Meditações de Fátima
É perturbante a diferença da atitude religiosa que domina o Ocidente cristão dos tempos actuais e aquela que fez a cristandade gloriosa. Dantes os homens pensavam em Deus para se moldarem à vontade d'Ele; agora os que ainda se dirigem a Deus é frequentemente para lhe exigir que Ele faça a vontade deles; e zangam-se quando o Criador não lhes faz o jeito. Querem pouco mais do que um Deus prestador de serviços.
Entre as pessoas que iam saindo da nova igreja distingui duas impressões. Alguns pareciam-me confusos e desabafavam algo sobre aquilo não se parecer nada com uma igreja. A outros ouvi dizer que era muito bonito, muito moderno. Nestes últimos, por sinal jovens, não era difícil notar que a apreciação nada tinha de religioso, muito menos de católico. Tratava-se de um critério crítico que se aplica indistintamente naquela construção como no estádio da Luz, na estação de Metro do Terreiro do Paço, na Ponte Vasco da Gama ou no Centro Cultural de Belém. Grandes obras de arquitectura e de engenharia, na verdade notáveis a vários títulos. Nas outras pessoas, as que desabafavam que ali não encontravam uma igreja, nem viam um crucifixo na gigantesca cruz plantada ali ao lado (e que faz lembrar pelo material utilizado e pelo despojamento estético a grande árvore de ferro erguida por Jorge Vieira em frente ao Centro Comercial Vasco da Gama) subsiste, ainda que inconsciente ou pouco esclarecida, a ideia de que existe uma arquitectura sagrada, e que o espaço do culto segue regras que o tornam reconhecível (um arqueólogo, mesmo positivista, procurará em qualquer local que escave os significados que o identifiquem como um lugar religioso para aqueles que o construíram e usaram).

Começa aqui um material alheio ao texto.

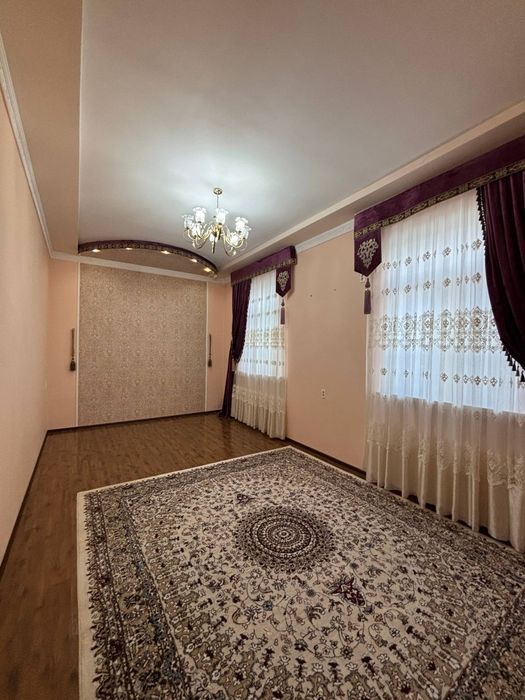 Большой дом, для семьи или офиса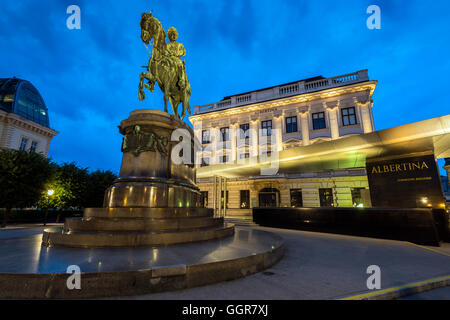 Vista notturna del Museo Albertina di Vienna, Austria Foto Stock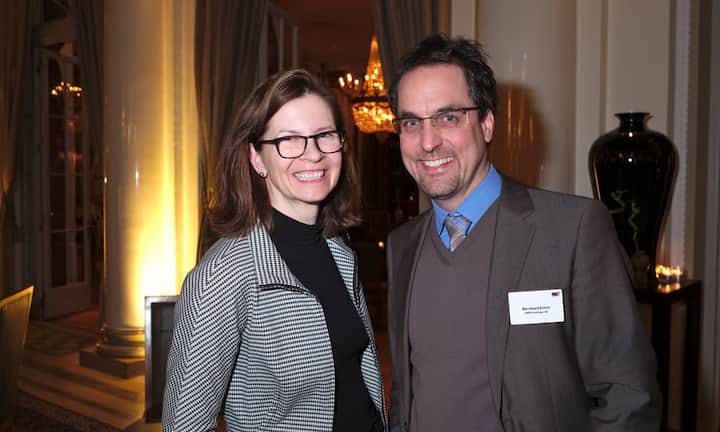 Christa Furter, CEO, iba ag;
Bernhard Emch, Geschäftsleiter, Emch Aufzüge AG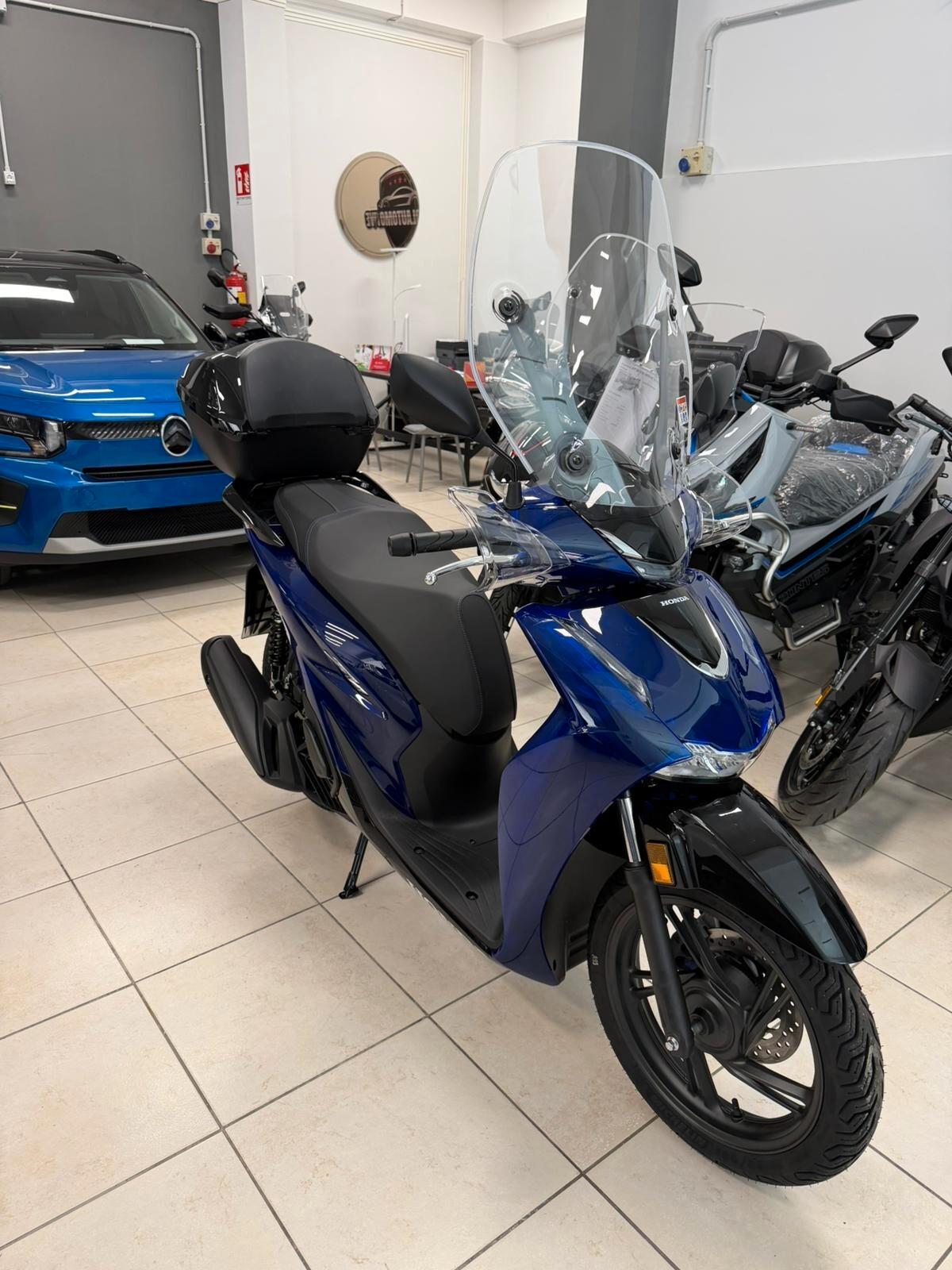 Honda SH 125 sport 60 euro al mese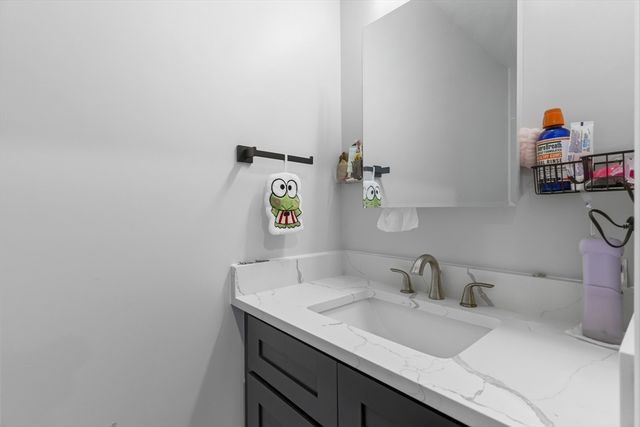 50 Desmoines Rd H1, Quincy, MA 02169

Neste sentimento difuso permanece um resquício do que foi uma religião. Mas neste ponto, do esvaziamento, lembro-me inevitavelmente de René Guénon, quando evoca a decadência e a queda do que chama de Ocidente. Sinto-lhe os acertos, mesmo quando não o posso acompanhar. Não acredito na oposição que ele estabeleceu entre Oriente e Ocidente, nem creio que as "sociedades tradicionais" resistam a Oriente ao contrário do que aconteceria a Ocidente. A meu ver, o impulso da modernidade implica no mundo a que Guénon se referia como Oriente as mesmas consequências que trouxe a Ocidente. Obviamente que de forma diferida, com atraso, por força do movimento histórico, e com mais ou menos convulsões, mas a maré homogeneizadora não deixa lugar a ilusões desse tipo (mesmo escrevendo há oitenta anos penso que Guénon não deveria ter-se deixado embalar nessas miragens). O Islão desfaz-se, o Hinduísmo desfaz-se, e o Budismo só vive no Ocidente carente de exotismo. E fiquemos por aqui, que a viagem já vai longa.
Espero ter alguns leitores que me leiam. As pessoas que julgam que uma missa é uma assembleia, e que uma grande sala de conferências substitui perfeitamente uma igreja, não podem certamente compreender do que falo. Restam os outros.